● Instructions for the task: Only the text should come through, so restate the listing exactly and drop its images.

● Source data:
▬▬▬

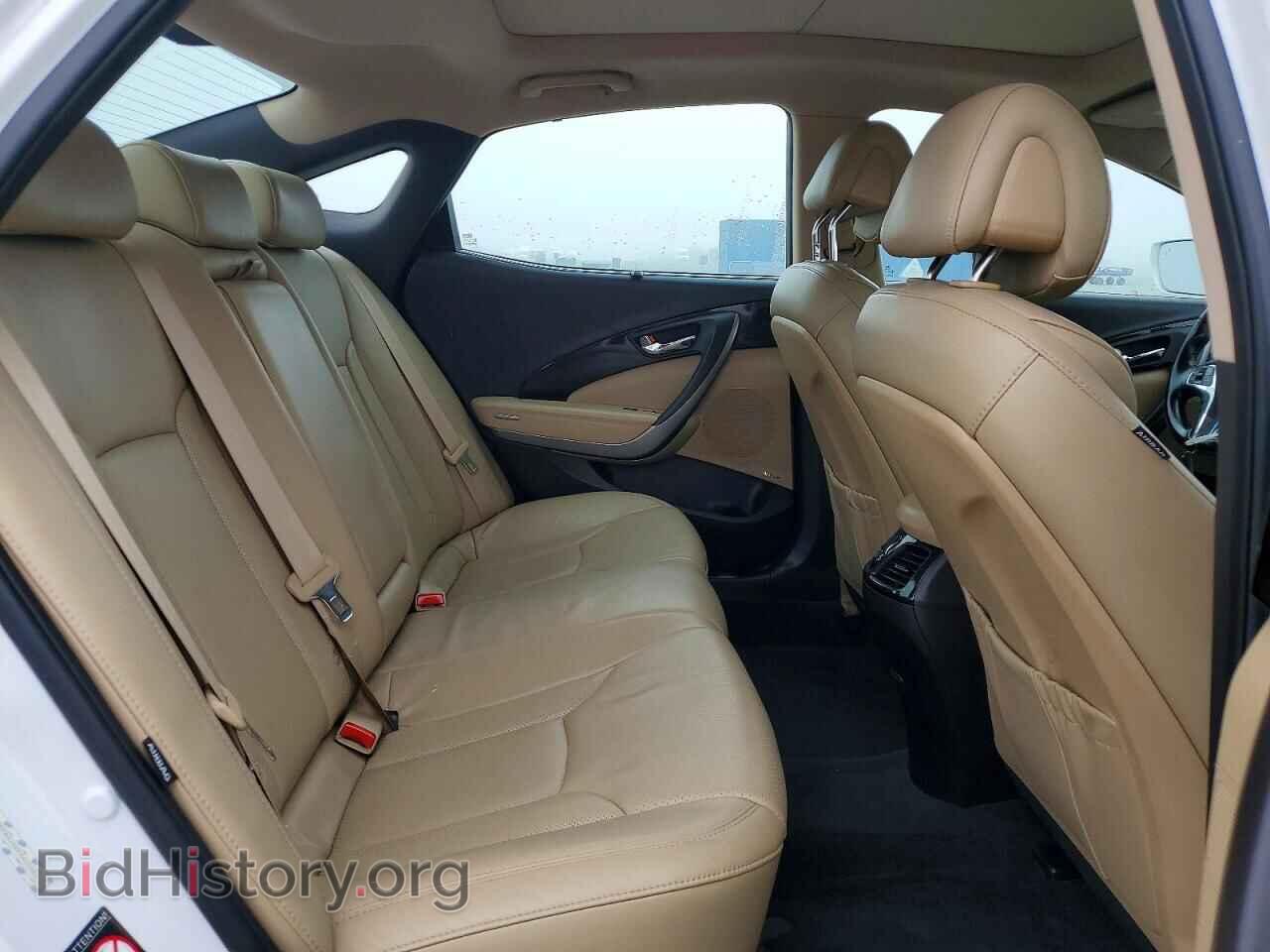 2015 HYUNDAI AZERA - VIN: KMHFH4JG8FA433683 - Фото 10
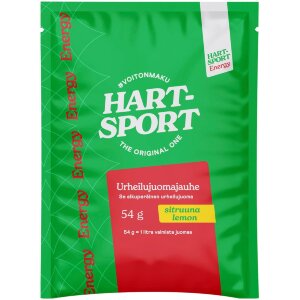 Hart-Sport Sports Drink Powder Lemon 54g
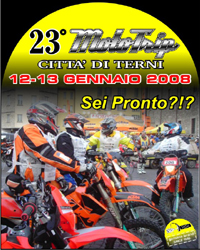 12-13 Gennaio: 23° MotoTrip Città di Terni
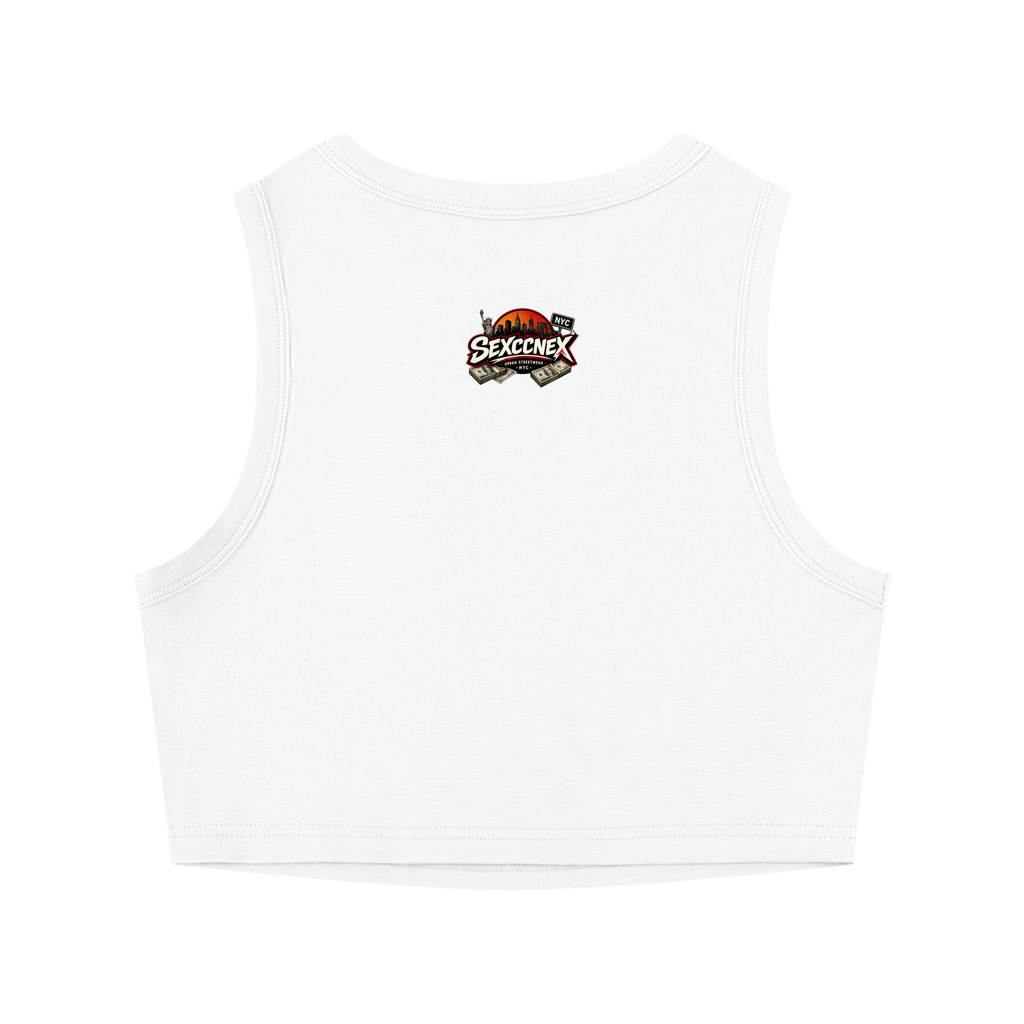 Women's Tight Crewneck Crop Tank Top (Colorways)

▬▬▬

● Answer space:
 2015 HYUNDAI AZERA - VIN: KMHFH4JG8FA433683 - Фото 10
 Hart-Sport Sports Drink Powder Lemon 54g
 12-13 Gennaio: 23° MotoTrip Città di Terni
 Women's Tight Crewneck Crop Tank Top (Colorways)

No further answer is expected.